- _Problem requirements_: Exact transcription, pictures omitted: reproduce the listing below.

- _Given data_:
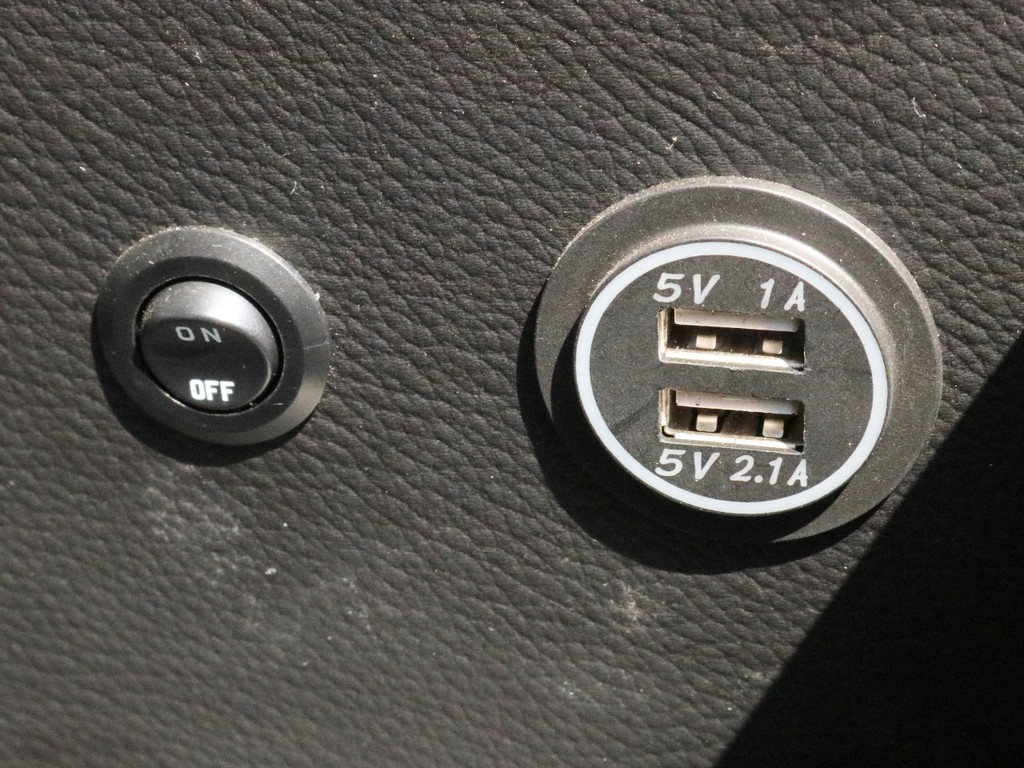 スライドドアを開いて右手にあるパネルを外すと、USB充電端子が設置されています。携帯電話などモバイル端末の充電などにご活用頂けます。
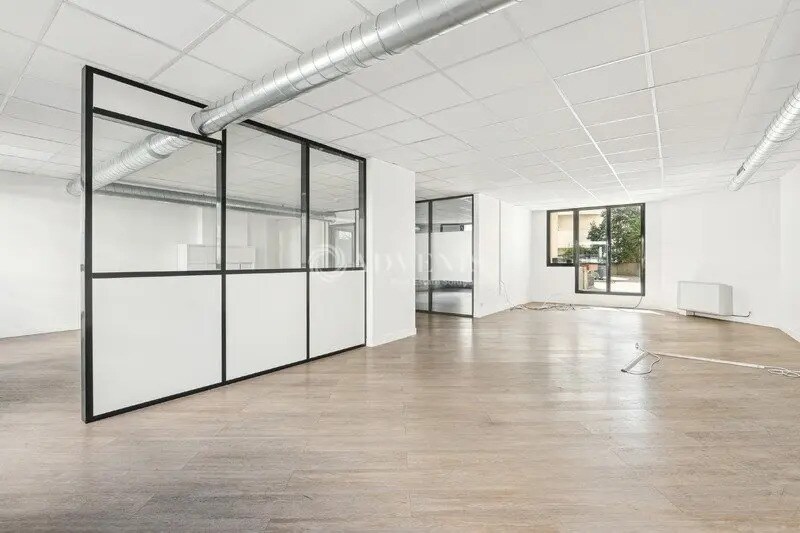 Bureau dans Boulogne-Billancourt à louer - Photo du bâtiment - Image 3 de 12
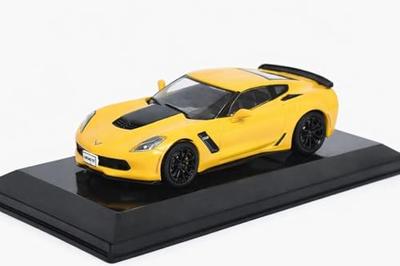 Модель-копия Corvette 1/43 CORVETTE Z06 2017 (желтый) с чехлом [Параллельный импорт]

- _Exercise solution_:
 スライドドアを開いて右手にあるパネルを外すと、USB充電端子が設置されています。携帯電話などモバイル端末の充電などにご活用頂けます。
 Bureau dans Boulogne-Billancourt à louer - Photo du bâtiment - Image 3 de 12
 Модель-копия Corvette 1/43 CORVETTE Z06 2017 (желтый) с чехлом [Параллельный импорт]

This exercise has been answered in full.